Preferred choice evaluation from report. (Click image to expand).

Final summary of preferred choice from report. (Click image to expand).

Moderated user testing notes on Figjam. (Click image to expand)


2. Evaluating PowerBI

Another significant effort for our design and development teams came in June 2025, when we were asked to evaluate whether PowerBI might be a better option than Tableau. The request came from our project lead rather than stakeholders, and the task for a developer and myself was to explore what it would take to fully recreate at least two dashboards from scratch while preserving as much existing functionality and user experience as possible.

We approached this systematically, leveraging tutorials, documentation, and hands-on experimentation within PowerBI, while collaborating closely to identify opportunities, limitations, and potential trade-offs. The outcome was a detailed impact assessment that clearly outlined the effort required, potential benefits, and risks. Our evaluation demonstrated that the transition would require substantial work with minimal gain, enabling project leadership to make an informed decision to continue using Tableau and focus on delivering value to our users.

My final assessment concluded:

“Switching from Tableau to Power BI would disrupt our established workflows, forcing us to rebuild our design system from scratch. Tableau’s container-based structure and Figma-to-Tableau templates allow us to create consistent, scalable dashboards efficiently, saving time and reducing errors. Power BI lacks these features, requiring manual adjustments for every element, which would slow development, increase inconsistencies, and add unnecessary complexity to even basic design tasks.
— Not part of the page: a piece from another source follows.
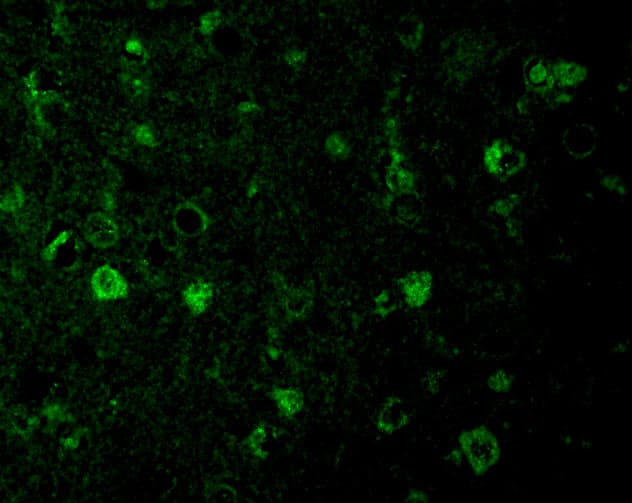 Immunocytochemistry/ Immunofluorescence: Rheb Antibody - BSA Free [NBP1-77214] - Immunofluorescence of Rheb in Mouse Brain cells with Rheb antibody at 20 u/mL.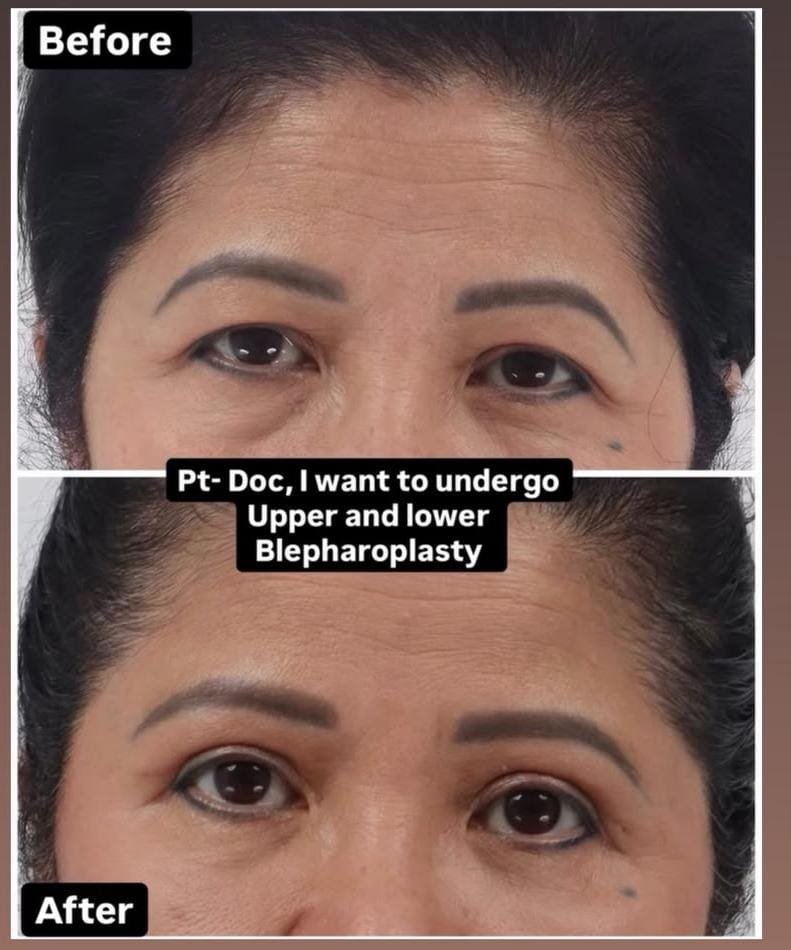 Eyelid Surgery Result 3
The absence of containers and reliance on layers would make managing layouts tedious and error-prone, while Power BI’s rigid navigation, limited styling tools, and lack of integrated filters would require cumbersome workarounds. These inefficiencies would cause delays, strain team resources, and create stress for designers and developers alike, ultimately compromising the quality and usability of our dashboards. For a design-driven team, this transition would be a costly step backward, impacting productivity and morale.

Given the absence of a corporate or team-level mandate for this change, and with no clear net-positive impact on our business outcomes or development workflows, this transition appears to be an unnecessary and costly disruption to a team that is already operating efficiently, delivering high-quality results, and providing a familiar, user-friendly experience to our users.”

Figjam compilation and design-related evaluation/comparison of features. (Click image to expand)

Part 1 of final impact statement .(Click image to expand)

Part 2 of final impact statement (Click image to expand).


Final Voice of the Customer Dashboards

Over a year and a half, I helped design and develop 20+ dashboards serving over 4,000 Department of State employees. These dashboards transformed complex, fragmented user feedback into clear, actionable insights, highlighting sentiment, key themes, and user experiences.

By creating a reusable design system, integrating advanced analytics like an LLM model, and iterating based on user research, we delivered a consistent, accessible, and scalable solution. The final dashboards empowered stakeholders to explore insights independently, make informed decisions, and set a blueprint for future government programs. I’m extremely proud of the work I completed on this project and hope the templates, guides, and UX patterns we set can be used across the Department for years to come.